Police pilot new roadside fingerprint tests in Bedfordshire

Police test roadside fingerprinting

Police test roadside fingerprinting

Motorists in ten areas across the country could have their fingerprints taken and read by police at the roadside as part of a new trial beginning today.

Project Lantern, which is being launched in Luton in Bedfordshire, aims to speed up the checks on suspects for motoring offences and could save more than £2.2 million a year.

Currently, about 60 per cent of drivers stopped do not give their real identity, but a new hand-held electronic fingerprint reader would allow officers to check someone’s profile against a national database within five minutes.

It scans a person’s index fingers and sends an encrypted wireless transmission to the database, which holds about 6.5 million fingerprints, to identify possible matches.

“This trial represents an important step forward in our commitment to ensuring we have an effective and efficient police service fully equipped for the challenges of modern policing,” said police minister Tony McNulty.

“The new technology will speed up the time it takes for police to identify individuals at the roadside, enabling them to spend more time on the frontline and reducing any inconvenience for innocent members of the public.”

Under current proposals, which will be rolled out to nine other police forces including London in the next two months, motorists would be able to choose whether to give their fingerprints to police officers.
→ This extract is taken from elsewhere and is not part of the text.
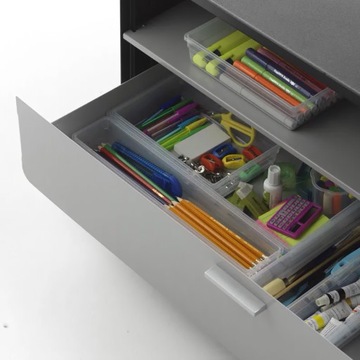 PUDEŁKA POJEMNIKI DO SZUFLADY ORGANIZERY TOALETKI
However, civil liberties groups have already expressed concern that if the trials are rolled out nationally, the law could be changed to make it compulsory. There are also fears that prints may be kept on the national database whether someone is guilty or not.

The first forces to use the new fingerprint readers would be those working in the automatic number plate recognition teams. They look for “vehicles of interest” which may have been used in crimes, are unsafe or uninsured.

As well as in Bedfordshire, the trials will be carried out by the British Transport Police, the Metropolitan police, and in Essex, Hertfordshire, Lancashire, North Wales, Northamptonshire, West Midlands and West Yorkshire.